Astylosternus montanus, also known as the mountain night frog or montane night frog, is a species of frog in the family Arthroleptidae. It is found in the mountains of western Cameroon and into the Obudu Plateau in adjacent south-eastern Nigeria.

==Description==
Astylosternus montanus has a short, stocky body. Males grow to 44 mm and females to 52 mm in snout–vent length. The head is slightly longer than it is wide. The legs are strong and relatively short. The dorsum is granular posteriorly and has few to many short dorsolateral ridges. The dorsum varies in colouration: beige, yellow, grey, or chocolate brown, and bears many distinctly delimited black blotches. The ventral parts are dull yellow with darker patterning. Males have a large black nuptial pad on the thumb and dense spines in the throat.

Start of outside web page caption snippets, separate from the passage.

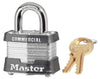 Master Lock 3INKBLK Black 1 9/16" W Laminated Steel Lockout Pin Tumbler Padlock With 9/32" X 3/4" Shackle And Key Number Ink Stamped On Bottom Of Lock (Keyed Differently)  (1/EA)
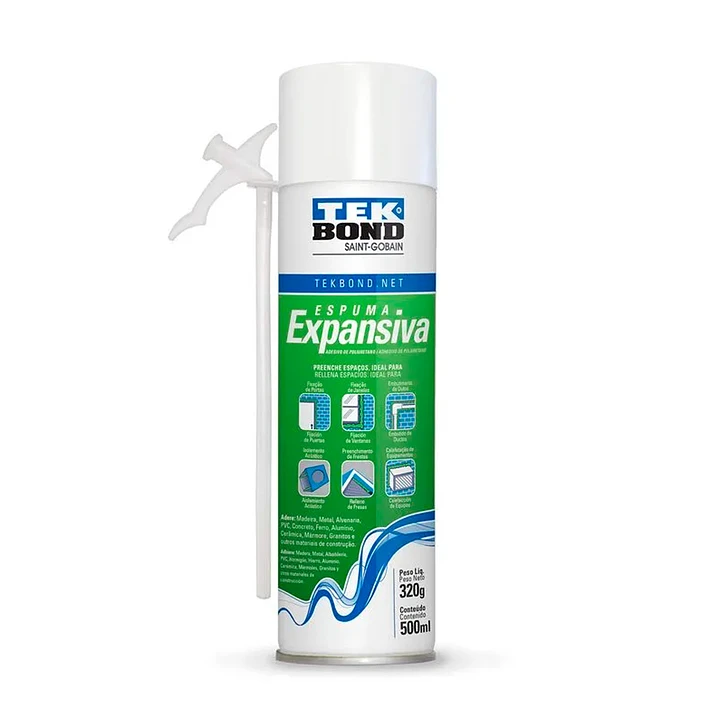 Espuma Expansiva Pu 320 gr Tek Bond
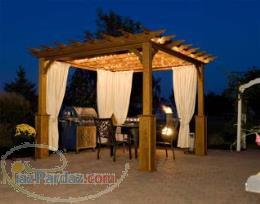 کلبه چوبی پیش ساخته- پرگولا -سایبان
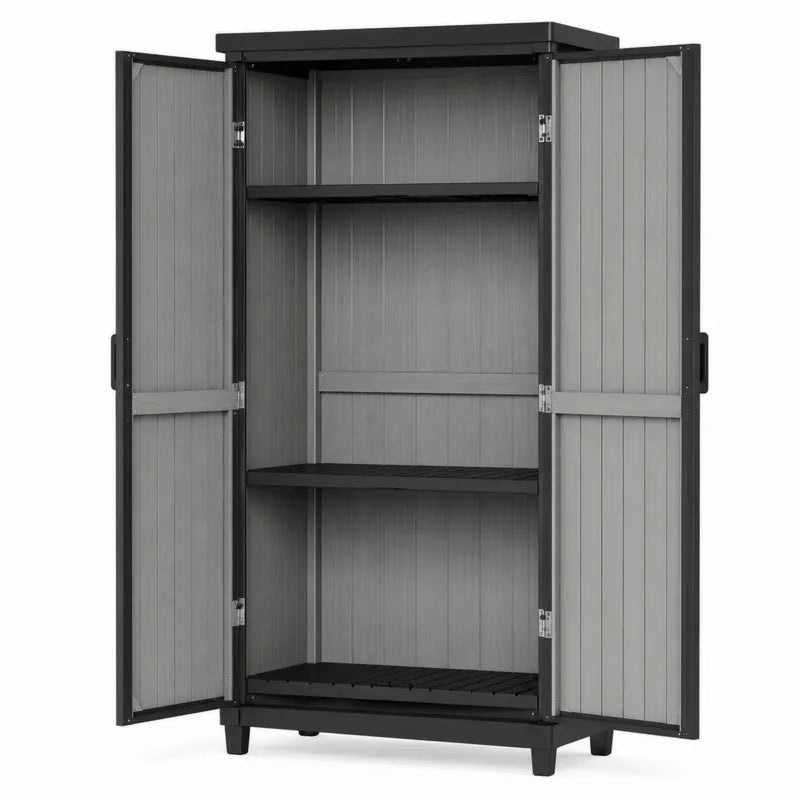 Szafa ogrodowa z p¨®?kami 180x70x40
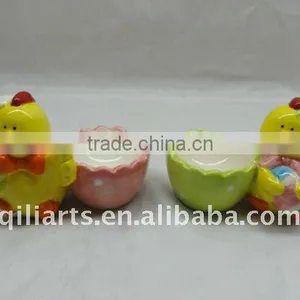 Easter Chicken Ceramic Egg Holder Set thumbnail-1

The male advertisement call is a brief and strong "dlouk", "hou", or "rrra".

==Habitat and conservation==
Astylosternus montanus occurs in or near flowing water in lower montane and submontane forest or herbaceous vegetation and gallery forests at elevations of 900–2029 m above sea level. It can roam to relatively dry areas along forest tracks and in agricultural areas during night. It can tolerate slightly deforestation but always requires canopy cover. It breeds in flowing water. The males call from rock cavities or from in the water.

Astylosternus montanus is a common species, but it probably suffers from some habitat loss and deterioration, despite showing a degree of adaptability. It may locally suffer from harvesting for consumption. It is not known to occur in any protected areas.